November 27, 2001|Lisa Dillman

What: "Alive and Kicking" by Harvey Araton

Publisher: Simon & Schuster

Price: $25

It all starts so innocently.

A soccer ball for a birthday present turns into practice ... turns into one indoor team ... turns into one outdoor team ... and turns into one coed team. The new fragrance is sweat and the new colors are brown dirt and green grass.

Harvey Araton's book, "Alive and Kicking," captures the attraction (or is it addiction?), symptoms and underlying cause of the recreational soccer trend among adult women.

The movement landed in Araton's living room when his wife helped start a soccer league for women in Montclair, N.J. Some had never put on a pair of cleats, others were not even remotely acquainted with the concept of competitive sports.
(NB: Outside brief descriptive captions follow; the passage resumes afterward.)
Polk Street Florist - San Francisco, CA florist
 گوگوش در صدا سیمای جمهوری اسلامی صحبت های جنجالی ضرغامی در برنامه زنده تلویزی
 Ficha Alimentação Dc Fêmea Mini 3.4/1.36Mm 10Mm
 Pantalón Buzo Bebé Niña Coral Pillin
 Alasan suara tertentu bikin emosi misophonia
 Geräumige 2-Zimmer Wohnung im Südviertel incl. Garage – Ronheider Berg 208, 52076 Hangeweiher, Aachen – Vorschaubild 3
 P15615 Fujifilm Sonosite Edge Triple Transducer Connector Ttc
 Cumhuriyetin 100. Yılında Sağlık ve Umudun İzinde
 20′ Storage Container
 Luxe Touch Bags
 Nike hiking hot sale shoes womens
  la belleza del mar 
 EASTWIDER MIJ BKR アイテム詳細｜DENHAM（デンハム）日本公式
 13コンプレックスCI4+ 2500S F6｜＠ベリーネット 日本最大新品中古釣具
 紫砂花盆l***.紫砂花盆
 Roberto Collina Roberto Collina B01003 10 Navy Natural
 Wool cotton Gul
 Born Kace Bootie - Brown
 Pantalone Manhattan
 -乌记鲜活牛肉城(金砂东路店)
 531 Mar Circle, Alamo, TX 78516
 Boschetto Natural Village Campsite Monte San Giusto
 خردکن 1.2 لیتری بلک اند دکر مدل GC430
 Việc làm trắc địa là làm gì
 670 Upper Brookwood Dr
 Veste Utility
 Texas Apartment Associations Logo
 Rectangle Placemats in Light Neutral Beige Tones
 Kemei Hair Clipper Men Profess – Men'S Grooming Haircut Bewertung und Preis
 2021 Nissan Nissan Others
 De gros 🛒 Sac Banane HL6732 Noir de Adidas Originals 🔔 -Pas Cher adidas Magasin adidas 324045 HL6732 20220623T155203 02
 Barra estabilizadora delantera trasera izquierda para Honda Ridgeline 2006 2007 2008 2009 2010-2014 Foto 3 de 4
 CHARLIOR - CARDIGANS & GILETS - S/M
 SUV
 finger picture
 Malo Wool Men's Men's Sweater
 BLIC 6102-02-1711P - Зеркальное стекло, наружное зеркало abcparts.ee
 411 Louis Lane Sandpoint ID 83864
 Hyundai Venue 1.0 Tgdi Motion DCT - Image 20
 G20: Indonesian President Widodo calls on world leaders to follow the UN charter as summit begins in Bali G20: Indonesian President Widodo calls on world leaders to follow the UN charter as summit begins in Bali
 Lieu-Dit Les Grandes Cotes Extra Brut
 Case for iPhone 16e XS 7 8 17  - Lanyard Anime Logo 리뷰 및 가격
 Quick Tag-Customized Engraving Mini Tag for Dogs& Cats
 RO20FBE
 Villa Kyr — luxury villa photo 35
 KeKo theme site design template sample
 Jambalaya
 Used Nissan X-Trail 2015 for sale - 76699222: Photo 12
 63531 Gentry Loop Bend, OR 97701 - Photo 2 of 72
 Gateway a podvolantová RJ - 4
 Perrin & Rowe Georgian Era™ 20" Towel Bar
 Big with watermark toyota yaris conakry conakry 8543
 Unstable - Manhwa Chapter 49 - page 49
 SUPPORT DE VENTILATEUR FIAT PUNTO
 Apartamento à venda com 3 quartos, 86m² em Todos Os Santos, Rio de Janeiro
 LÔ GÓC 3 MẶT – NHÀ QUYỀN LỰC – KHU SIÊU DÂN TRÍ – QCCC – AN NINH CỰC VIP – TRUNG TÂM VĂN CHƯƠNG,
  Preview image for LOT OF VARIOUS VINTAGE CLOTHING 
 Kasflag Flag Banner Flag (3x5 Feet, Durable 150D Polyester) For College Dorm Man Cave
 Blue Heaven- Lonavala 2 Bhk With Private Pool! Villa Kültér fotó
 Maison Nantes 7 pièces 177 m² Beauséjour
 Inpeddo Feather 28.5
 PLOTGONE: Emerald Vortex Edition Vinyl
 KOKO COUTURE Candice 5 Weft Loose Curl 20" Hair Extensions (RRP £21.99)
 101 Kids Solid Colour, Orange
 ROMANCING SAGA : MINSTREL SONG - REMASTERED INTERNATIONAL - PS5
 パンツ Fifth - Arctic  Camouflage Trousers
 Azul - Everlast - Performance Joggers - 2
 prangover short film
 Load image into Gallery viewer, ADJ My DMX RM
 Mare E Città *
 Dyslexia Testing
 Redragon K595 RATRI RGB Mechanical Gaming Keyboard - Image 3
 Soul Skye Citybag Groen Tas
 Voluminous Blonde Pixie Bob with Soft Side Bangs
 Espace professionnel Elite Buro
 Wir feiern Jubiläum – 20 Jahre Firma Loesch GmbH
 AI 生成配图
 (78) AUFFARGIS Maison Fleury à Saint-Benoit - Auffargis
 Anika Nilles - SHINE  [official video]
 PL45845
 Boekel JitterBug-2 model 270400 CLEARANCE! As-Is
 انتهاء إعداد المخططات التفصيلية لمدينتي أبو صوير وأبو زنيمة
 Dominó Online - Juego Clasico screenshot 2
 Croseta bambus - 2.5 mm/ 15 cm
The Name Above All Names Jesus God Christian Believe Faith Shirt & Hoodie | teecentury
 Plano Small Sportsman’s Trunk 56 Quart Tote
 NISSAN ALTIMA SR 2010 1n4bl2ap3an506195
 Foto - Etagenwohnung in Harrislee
Like most men, Araton was used to the idea of team play from age 8 on. His wife discovered the joy at 40:

"They were forming teams, and there was some anxiety about how sides were going to be formed," he wrote. "Beth got off the phone one night, her face atypically flush.

"'What's the matter?' I asked.

"'Lisa and Ginger want me to be on their team,' she said, referring to two of the better players. Her face was reddening, and out of the corner of her eye escaped a tear. 'No one's ever asked me to be on a team before,' she said, this childlike confession from a public relations executive and mother of two."

Araton does well to focus on the story behind the story, the personal journeys of the women. Far too many sports books get bogged down in minutiae, the mind-numbing play-by-play. He is able to capture the joy of an early practice, the muscle soreness the morning after a game and the thrill of executing a new move.